On March 18, 2007, Bob Woolmer, the coach of the Pakistani National cricket team, was found dead in his hotel room in Kingston, Jamaica. Kingston police ruled the death a homicide since coach Woolmer appeared to have been strangled to death. This all came in the midst of the 2007 Cricket World Cup being played in the West Indies.
For the uninitiated, the game of cricket has evolved from the staid game played by English gentlemen in white uniforms to a sport of intense passion that rivals only that of European football. The countries of the British Commonwealth and Britain’s former colonies, such as India and Pakistan, have some of the most rabid fans. Not coincidently, India and Pakistan also field two of the best teams in cricket and both were heavily favored to go far in the Cricket World Cup 2007.

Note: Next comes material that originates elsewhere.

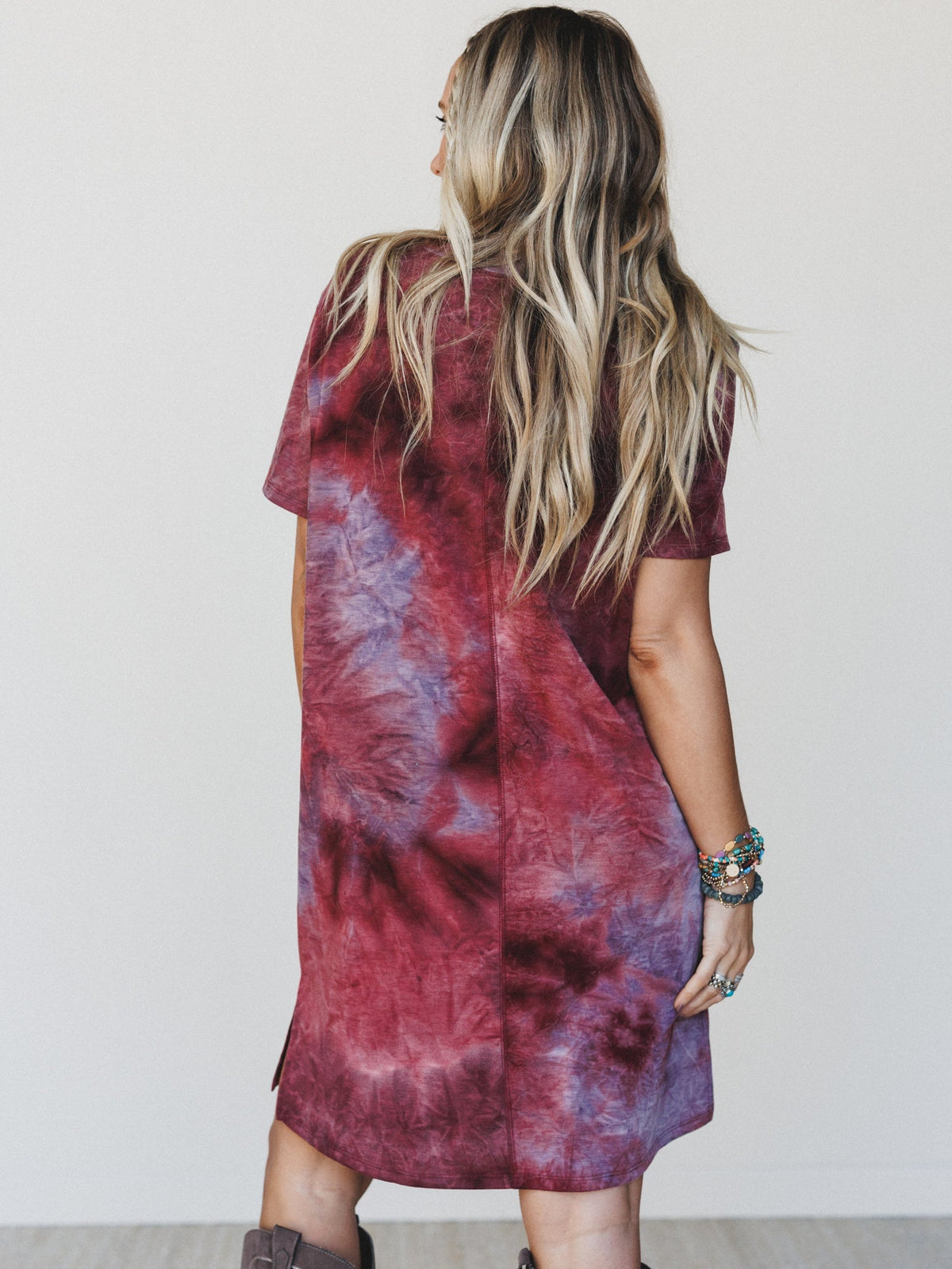 The Nest Peace And Tie Dye Tee Dress - Brown Multi Tie Dye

Therefore, it came as quite a shock, and even devastation to fans of Pakistani cricket, that the Pakistani cricket team, coached by Bob Woolmer was tossed out of the Cricket World Cup 2007 in the first round by Ireland. The Irish cricket team is not exactly a cricket power house and certainly not of the same caliber as Pakistan. This fact has raised some eyebrows in cricket circles, but we’ll return to this in a moment.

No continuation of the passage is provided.